__Exercise goal__:
Copy, exactly and without additions, every line in the records below from the one holding "Colorful underground fiber" through the one holding "Black Y2K fitted", both ends included.

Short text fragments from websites
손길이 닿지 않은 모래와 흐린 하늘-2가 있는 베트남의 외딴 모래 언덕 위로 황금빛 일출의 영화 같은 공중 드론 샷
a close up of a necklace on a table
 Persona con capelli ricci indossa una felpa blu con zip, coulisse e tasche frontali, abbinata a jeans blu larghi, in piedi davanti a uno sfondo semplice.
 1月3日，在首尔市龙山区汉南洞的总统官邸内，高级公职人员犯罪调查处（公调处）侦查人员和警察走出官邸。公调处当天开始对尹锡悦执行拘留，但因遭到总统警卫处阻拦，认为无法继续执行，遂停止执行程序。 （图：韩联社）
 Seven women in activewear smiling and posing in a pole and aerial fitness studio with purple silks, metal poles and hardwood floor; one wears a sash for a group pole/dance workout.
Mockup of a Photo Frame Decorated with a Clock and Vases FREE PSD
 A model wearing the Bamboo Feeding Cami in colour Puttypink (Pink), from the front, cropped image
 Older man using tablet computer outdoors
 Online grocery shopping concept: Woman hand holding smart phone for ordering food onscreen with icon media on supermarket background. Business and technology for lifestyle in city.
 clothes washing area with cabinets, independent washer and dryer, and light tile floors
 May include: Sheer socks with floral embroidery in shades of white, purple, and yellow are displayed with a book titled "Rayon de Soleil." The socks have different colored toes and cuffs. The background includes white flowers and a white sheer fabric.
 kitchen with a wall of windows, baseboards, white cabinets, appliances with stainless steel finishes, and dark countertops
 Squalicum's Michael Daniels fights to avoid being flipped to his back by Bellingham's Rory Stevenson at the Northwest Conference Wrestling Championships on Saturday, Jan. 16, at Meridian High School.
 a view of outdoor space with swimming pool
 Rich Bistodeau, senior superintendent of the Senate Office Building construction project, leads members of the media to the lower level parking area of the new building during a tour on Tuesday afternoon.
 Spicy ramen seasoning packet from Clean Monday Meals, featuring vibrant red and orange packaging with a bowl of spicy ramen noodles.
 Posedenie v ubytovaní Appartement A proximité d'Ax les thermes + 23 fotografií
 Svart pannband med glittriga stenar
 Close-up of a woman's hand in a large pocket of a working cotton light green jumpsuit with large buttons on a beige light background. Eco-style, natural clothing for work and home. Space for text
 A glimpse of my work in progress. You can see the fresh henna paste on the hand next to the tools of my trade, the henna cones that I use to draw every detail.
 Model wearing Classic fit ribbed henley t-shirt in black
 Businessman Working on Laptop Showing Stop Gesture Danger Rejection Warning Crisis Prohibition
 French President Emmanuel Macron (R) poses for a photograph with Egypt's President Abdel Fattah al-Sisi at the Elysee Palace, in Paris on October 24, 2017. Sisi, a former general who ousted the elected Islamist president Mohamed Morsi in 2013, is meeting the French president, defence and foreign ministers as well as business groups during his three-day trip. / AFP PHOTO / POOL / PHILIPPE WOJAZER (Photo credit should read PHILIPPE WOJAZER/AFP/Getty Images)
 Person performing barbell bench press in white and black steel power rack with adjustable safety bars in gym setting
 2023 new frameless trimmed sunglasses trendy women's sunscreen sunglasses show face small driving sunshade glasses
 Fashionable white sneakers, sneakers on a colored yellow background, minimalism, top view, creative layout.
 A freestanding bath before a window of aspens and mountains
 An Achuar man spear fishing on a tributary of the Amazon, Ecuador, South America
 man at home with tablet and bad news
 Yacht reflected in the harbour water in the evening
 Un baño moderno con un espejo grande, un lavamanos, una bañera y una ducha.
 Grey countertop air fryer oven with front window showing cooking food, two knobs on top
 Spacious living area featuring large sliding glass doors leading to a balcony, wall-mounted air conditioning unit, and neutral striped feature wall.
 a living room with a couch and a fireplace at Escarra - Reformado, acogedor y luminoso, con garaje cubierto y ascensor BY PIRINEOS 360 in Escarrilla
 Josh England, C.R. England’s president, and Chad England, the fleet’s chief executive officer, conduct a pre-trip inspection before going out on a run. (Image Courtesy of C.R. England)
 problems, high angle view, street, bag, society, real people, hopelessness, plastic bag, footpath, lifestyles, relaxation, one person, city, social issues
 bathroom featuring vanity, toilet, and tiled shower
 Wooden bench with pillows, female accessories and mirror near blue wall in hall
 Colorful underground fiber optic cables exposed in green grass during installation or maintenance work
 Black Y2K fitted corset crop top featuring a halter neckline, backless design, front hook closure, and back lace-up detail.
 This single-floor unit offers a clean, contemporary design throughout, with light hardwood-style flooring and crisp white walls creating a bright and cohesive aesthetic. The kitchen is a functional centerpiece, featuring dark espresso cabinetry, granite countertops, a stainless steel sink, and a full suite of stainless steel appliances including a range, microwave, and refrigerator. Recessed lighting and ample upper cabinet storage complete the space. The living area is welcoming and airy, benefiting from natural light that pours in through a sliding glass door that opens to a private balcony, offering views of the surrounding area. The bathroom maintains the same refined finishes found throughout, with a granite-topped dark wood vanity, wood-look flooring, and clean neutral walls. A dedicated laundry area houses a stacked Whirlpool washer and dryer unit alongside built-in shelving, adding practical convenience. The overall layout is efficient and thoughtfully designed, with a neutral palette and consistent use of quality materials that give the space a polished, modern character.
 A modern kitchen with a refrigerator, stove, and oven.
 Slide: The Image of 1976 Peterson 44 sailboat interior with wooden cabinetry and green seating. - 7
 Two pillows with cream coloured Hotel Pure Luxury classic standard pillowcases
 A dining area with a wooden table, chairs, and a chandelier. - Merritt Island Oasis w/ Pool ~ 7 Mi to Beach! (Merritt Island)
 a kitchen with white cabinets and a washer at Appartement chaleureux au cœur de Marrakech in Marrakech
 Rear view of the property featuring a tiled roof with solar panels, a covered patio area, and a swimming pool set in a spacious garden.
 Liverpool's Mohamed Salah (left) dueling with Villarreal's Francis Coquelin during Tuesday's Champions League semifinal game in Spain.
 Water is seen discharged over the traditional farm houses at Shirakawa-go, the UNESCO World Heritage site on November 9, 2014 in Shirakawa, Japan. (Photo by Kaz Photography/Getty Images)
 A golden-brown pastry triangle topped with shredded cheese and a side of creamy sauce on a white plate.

__Answer__:
 Colorful underground fiber optic cables exposed in green grass during installation or maintenance work
 Black Y2K fitted corset crop top featuring a halter neckline, backless design, front hook closure, and back lace-up detail.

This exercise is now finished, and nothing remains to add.